L'enfance, qu'est-ce ? Un pays entre la civilisation et le monde sauvage. La nature y met des rêves et des pulsions ; la société y met son éducation...
Ce thème touche au tiraillement de l'homme entre la civilisation, qui le distingue des autres animaux, et le monde sauvage, un monde sauvage dont l'homme est issu, et pour lequel il éprouve à la fois rejet et fascination. Ce thème nous mènera vers trois œuvres, trois points de vue sur la civilisation et le sauvage, des œuvres respectivement créées au début, au milieu et à la fin du XX ème siècle.
La guerre du feu se passe aux temps préhistoriques. Les hommes luttent pour la survie du clan.
La colonisation du monde par l’homme y est vu comme positive : elle permet la survie.
C'est donc une œuvre progressiste, optimiste, un hymne à la marche de l'homme vers toujours plus de civilisation.
A l'origine pour les adultes, l'édition l'a depuis réservée aux enfants. Comme si les hommes préhistoriques, non civilisés, étaient plus proches des enfants. Ils apprennent à dompter le feu pour devenir civilisés, comme l'enfant doit dompter sa nature sauvage pour devenir adulte. Dans les années 1980 un film de Jean-jacques Annaud a remis l’œuvre au goût du jour pour les adultes. Mais l’engouement fut passager et à nouveau La guerre du feu se retrouve dans les collections « jeunesse » des éditeurs.
Crin Blanc se passe dans les années 1950.

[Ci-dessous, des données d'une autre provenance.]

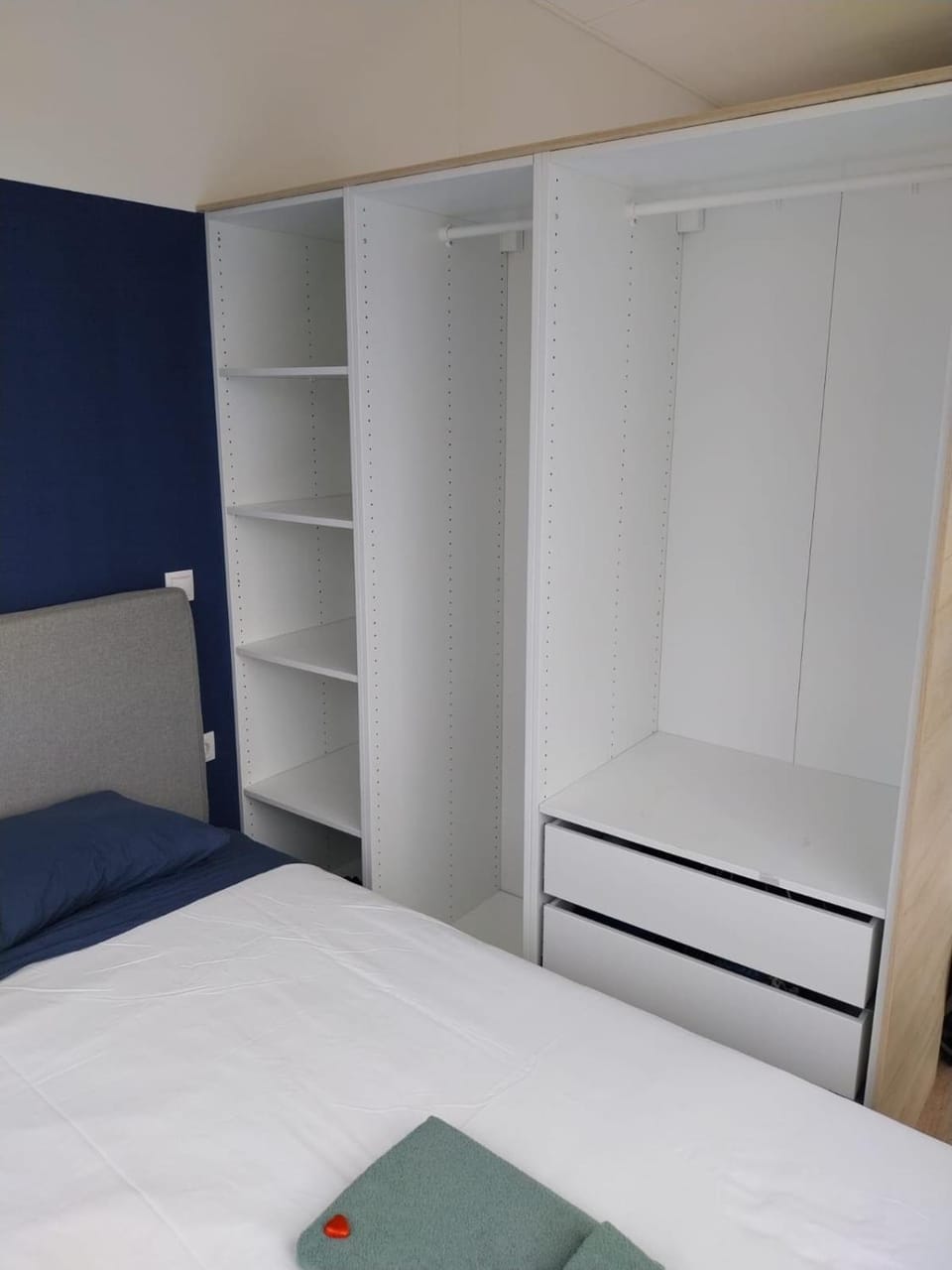 Bed, Photo of the whole room, Bedroom, wardrobe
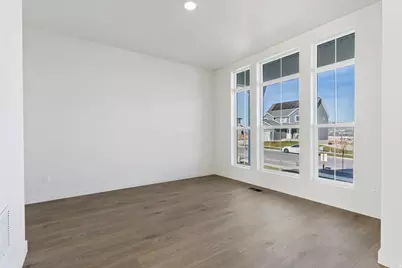 1117 W Mahogany St, Saratoga Springs, UT 84045 - Photo 9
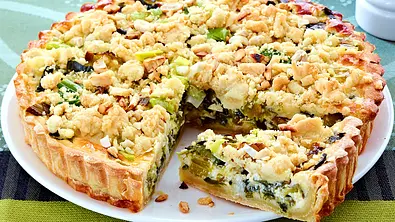 Porreetarte mit Parmesanstreuseln Rezept - Foto: LECKER @ Bauer Media Group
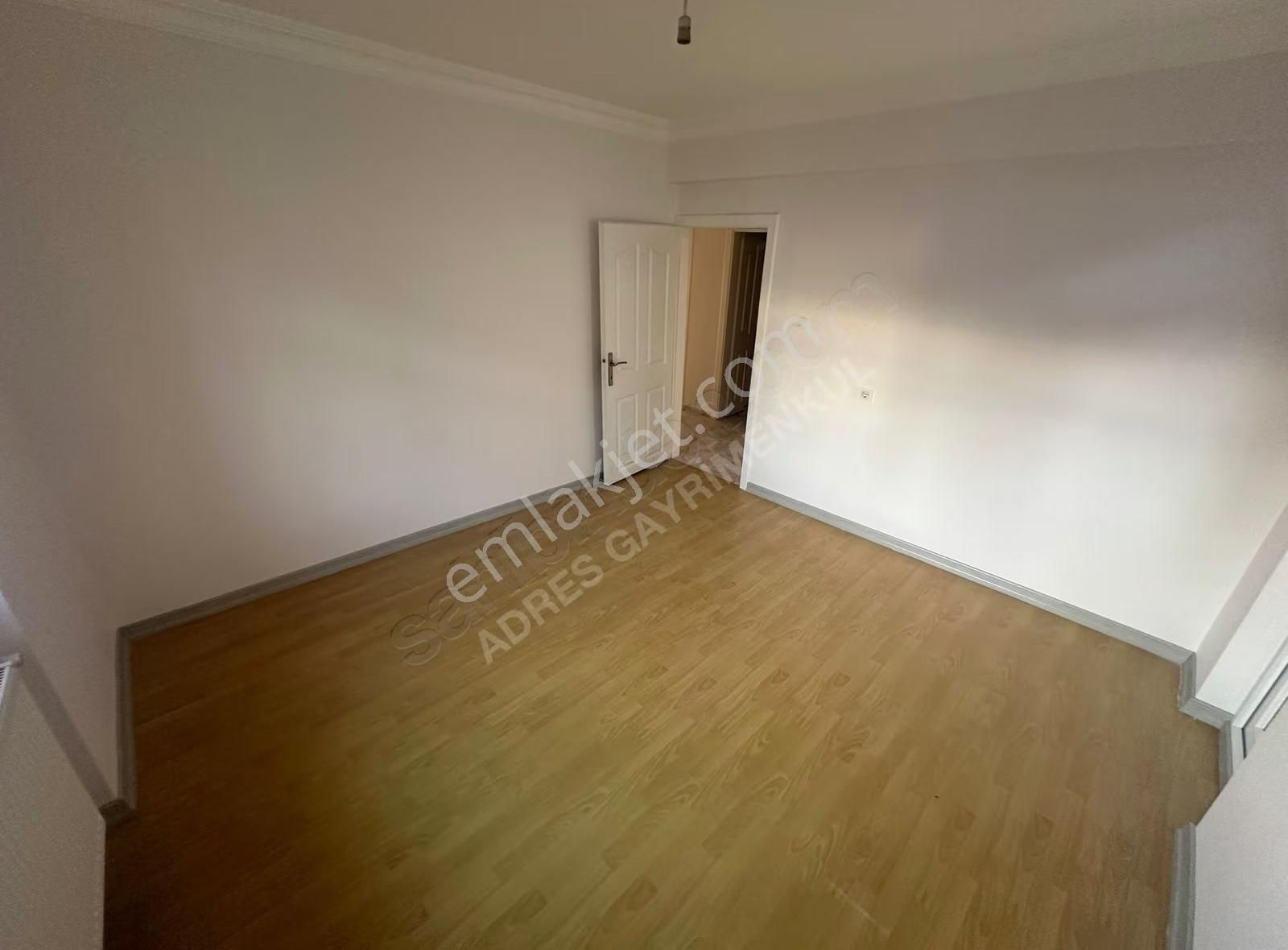 Adres'den Selçuklu'da Masrafsız Güzel Lokasyon 3+1 Daire - Görsel 9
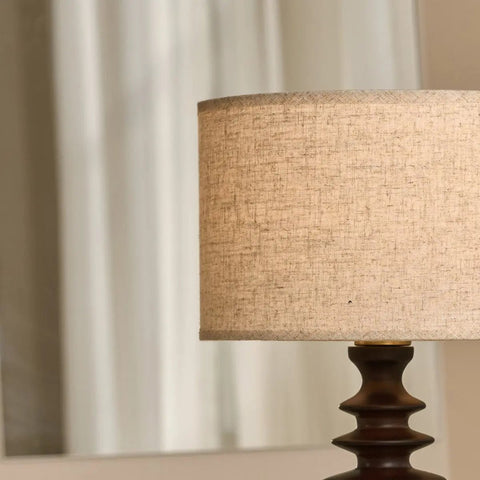 Lampe Bodhi en bois brun foncé avec abat-jour beige
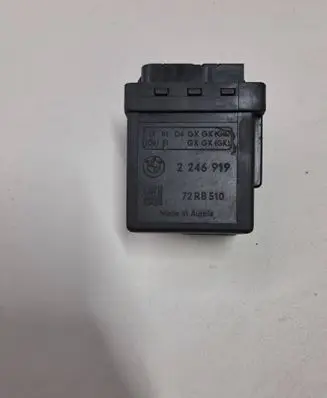 BMW 5 E39 Glow plug pre-heat relay 2246919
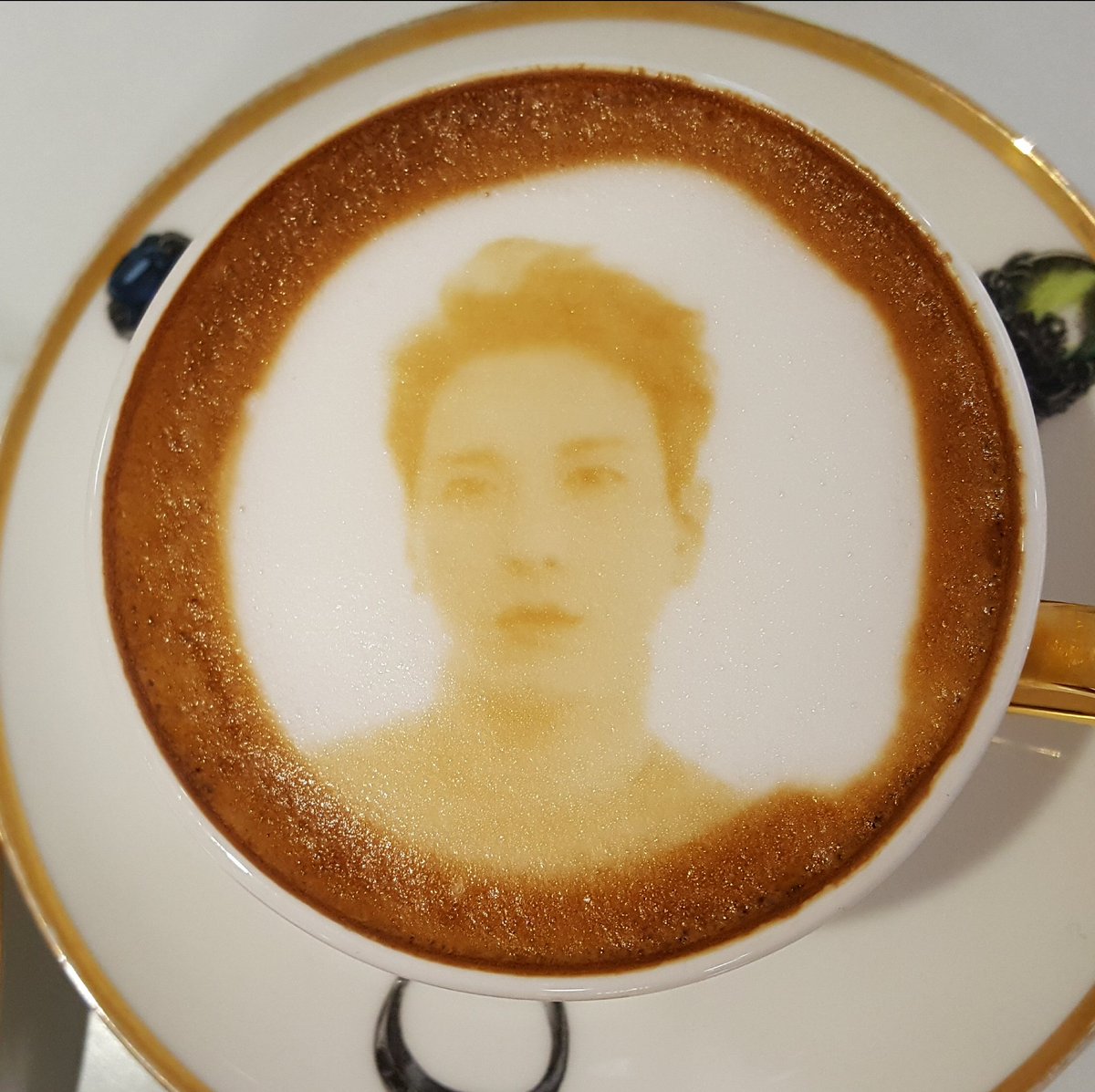 Lemony2y's tweet photo. Hi ! Musician 정용화
#JungYongHwa
#JUSTPLEASE _ #HOLDMYHAND https://t.co/2Ow2h6ladp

Réalisé exprès pour les enfants, il est un des films qui marquent le plus les enfants qui l'ont vu, un de ceux qu'ils emmènent avec eux dans leur vie d'adulte. Ce film représente leur enfance.
L'enfant Folco, héros du film, est un petit pêcheur de Camargue. Il entend un propriétaire de troupeaux sauvages dire que celui qui arrive à attraper Crin Blanc en sera le maître. Mais lorsque Folco s'empare de Crin Blanc, les hommes veulent lui reprendre.
Crin Blanc refuse d'être un cheval domestique et préfère l'amitié avec Folco au dressage des hommes. Alors Folco et Crin Blanc s'enfuient dans la mer pour garder leur liberté.
Crin Blanc est une œuvre radicale, qui prône le refus de la soumission, la course vers la liberté mais qui met en valeur les rapports de force.
Les derniers géants (récit illustré datant des années 1980) se passe au XIX ème siècle.
C'est la rencontre d'un homme civilisé avec un peuple inconnu : les Géants.
À travers la découverte et la destruction du peuple des géants, ce long album élabore une critique de la civilisation, de la colonisation, de l'ethnologie, du tourisme, de la science.
Les derniers géants est une œuvre pessimiste.
I La guerre du feu, de JH Rosny Aîné : Retour aux sources préhistoriques
Au départ, La guerre du feu était un livre de littérature générale, un livre pour les adultes. Très vite, il a été uniquement édité dans des « collections jeunesse ».
Ce roman est l'origine d'un immense effort pour faire connaître la préhistoire. Durant tout le XX ème siècle, de nombreux livres sur les dinosaures et les hommes préhistoriques sont édités pour les enfants.
C'est un roman qui a beaucoup influencé la vision des paléontologues et autres spécialistes de la préhistoire. Ce n'est que récemment qu'ils ont remis en question les comportements des humains préhistoriques tels qu'ils sont décrit dans le roman.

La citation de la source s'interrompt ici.